In the excerpt below, Gus (Michael Cristofer), a former labor union organizer, attempts to explain his motives to his daughter, Empty (played by Linda Emond, and so called because of the initials of her given name, Maria Teresa), while his sister Clio (Brenda Wehle) and gay son Pill (Stephen Spinella) listen. “Gus has called his children together to talk about his desire to commit suicide, and he’s describing his world as a prison,” says Kushner (whose husband is EW columnist Mark Harris). “Who the jailer is, and who jails whom, becomes one of the things the play struggles with.”

Check out the full excerpt, then read on for Kushner’s analysis of the scene.

“The play is very much about labor unions and the relationship of workers to the work they do and to their jobs,” explains Kushner, who says the work was partly inspired by two strikes that affected the showbiz community a few years ago. “When I was beginning to seriously get to work on the play, the Writer’s Guild had just gone on strike, so I had been on picket lines. And right around that time Local One, the stagehands’ union, went on strike. And that, I think, was the big determining factor for me.”

There were also more sentimental factors at work. “I’m 54 years old.
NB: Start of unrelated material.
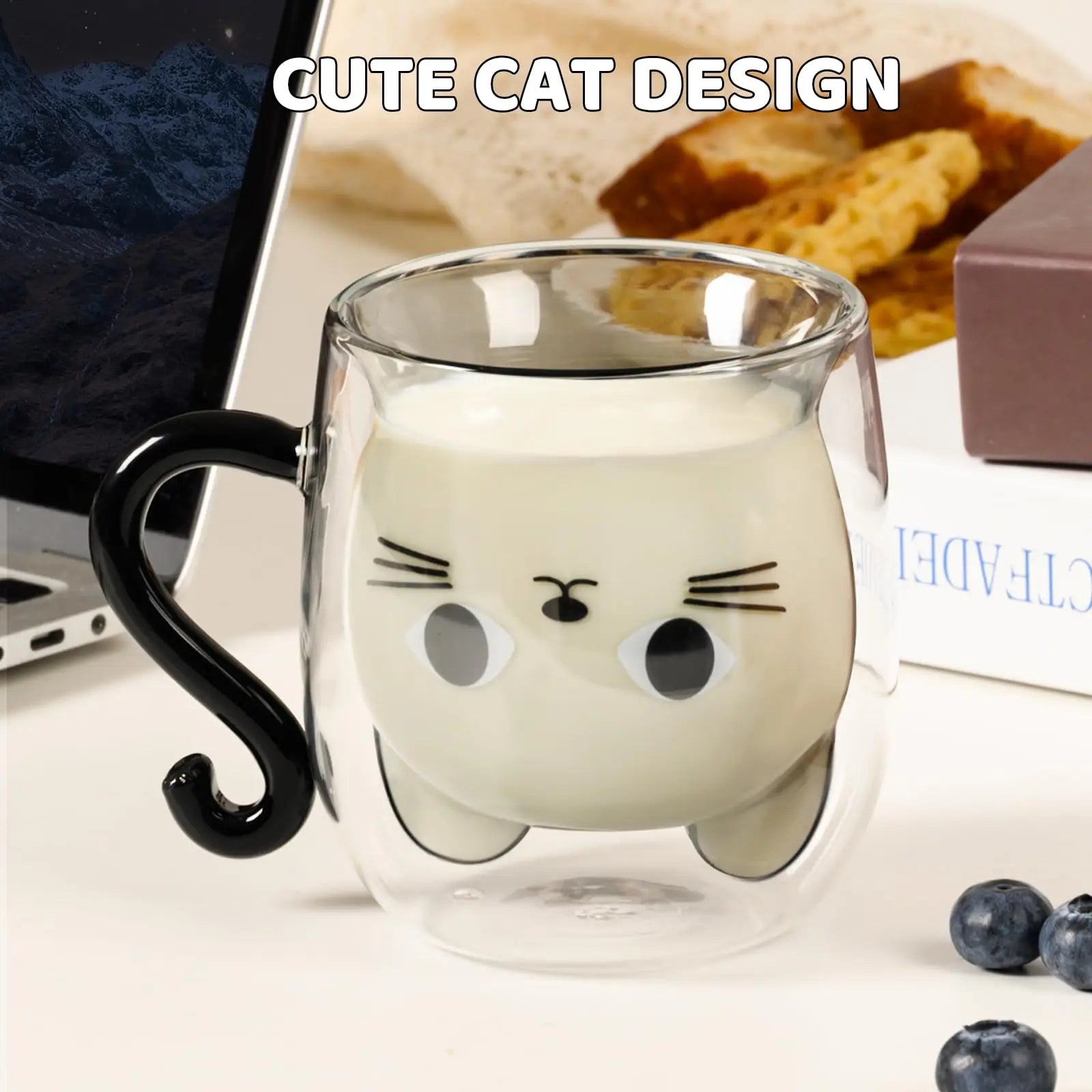 Cute Cat Double-Wall Insulated Glass Coffee Mug with Handle, Cartoon Couple Teacup for Home & Office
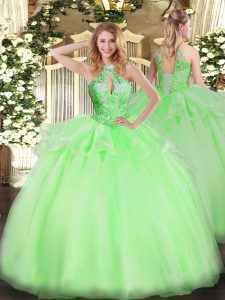 Quince Ball Gowns Military Ball and Sweet 16 and Quinceanera with Beading Halter Top Sleeveless Lace Up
My father is still alive, thank God, but he’s 87 years old, and I’ve seen a lot of people of that generation pass away,” says Kushner. “A lot of my plays have origins in the way that I’m unconsciously processing grief or loss.”

The image of the printer was partially inspired by Kushner’s research for an unrealized project: a movie about the Daily News strike of the early 1990s. Kushner was given a tour of the Daily News building, which still used old-fashioned printing presses and lead type at the time. “That was such a medieval thing to think that at the top of this magnificent skyscraper there are these vats of molten lead and these guys who would work in lead type, the compositors,” he recalls. “And I think that’s where this guy first appeared in my mind.”
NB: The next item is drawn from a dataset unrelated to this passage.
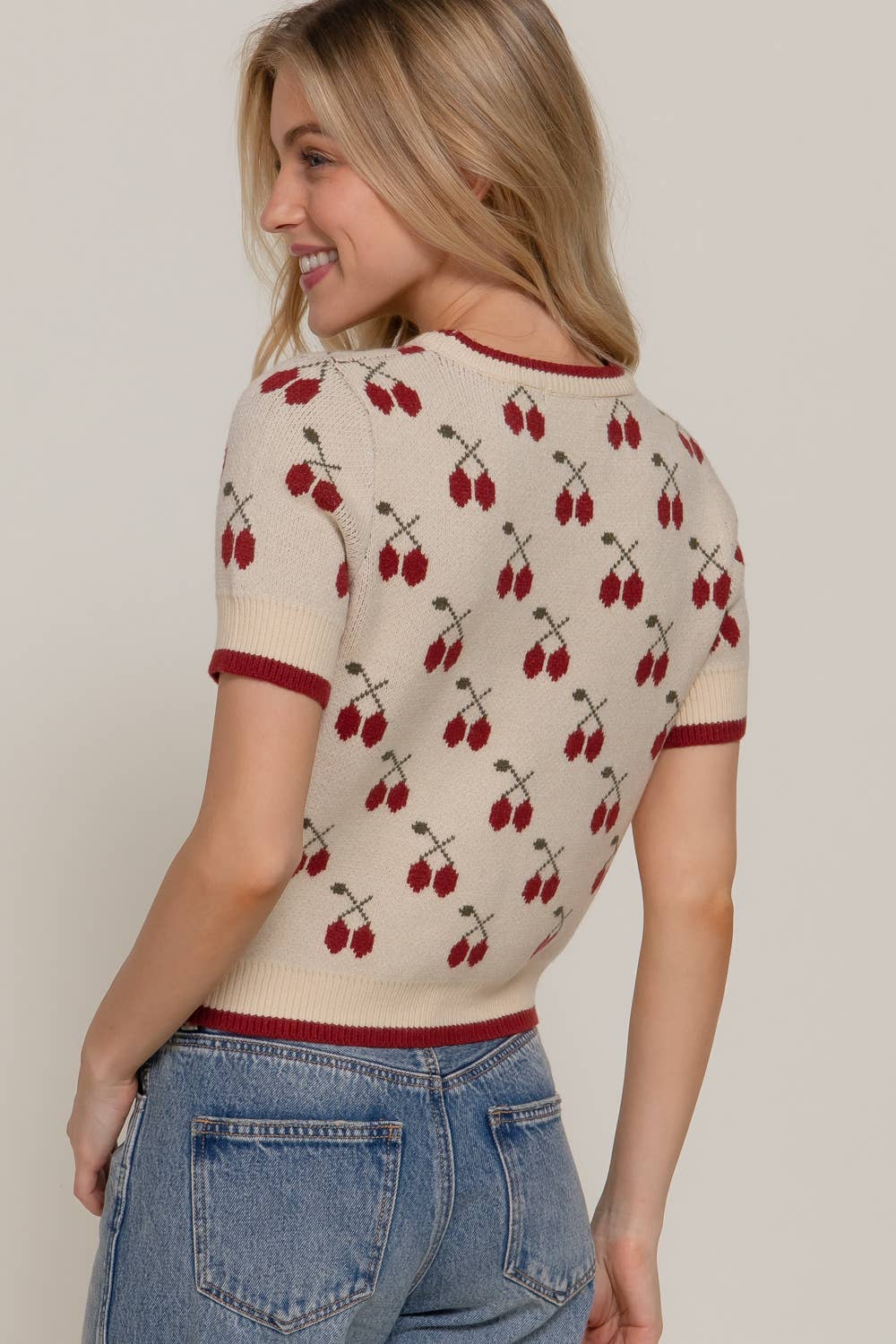 Jacquard Cherry Sweater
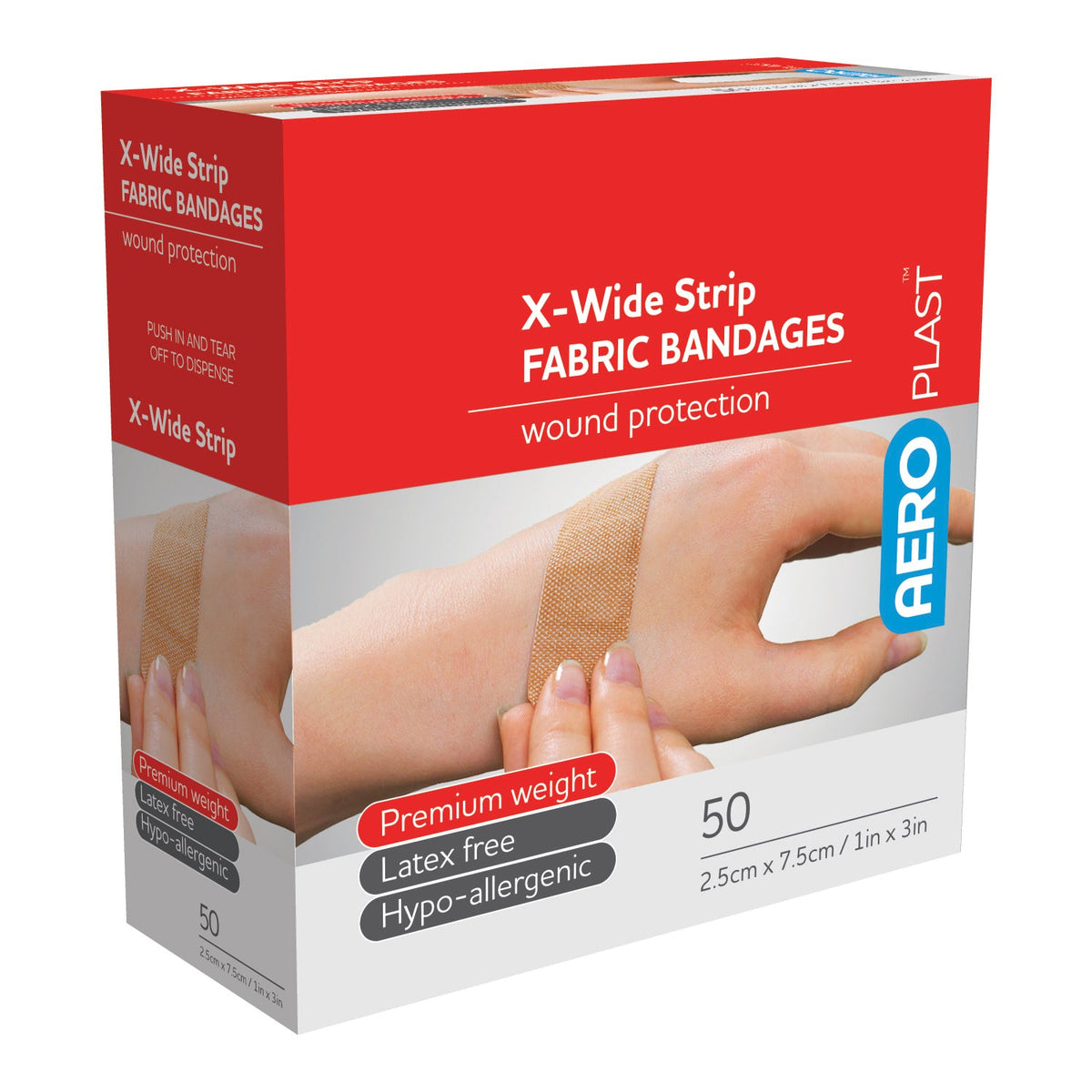 AEROPLAST™ Fabric X-Wide Strip Bandages 1in x 3in 50/box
According to Kushner, Gus chooses this particular image because he relates to the printer’s feelings of imprisonment and uselessness. “[The printer] can’t work. He can’t do anything now. He’s on a ventilator. He’s become quite literally imprisoned,” says Kushner. “The control of his life has been taken out of his hands, so he finds a way to take it back. It’s a refusal to be the prisoner of time, to be the subject of time.”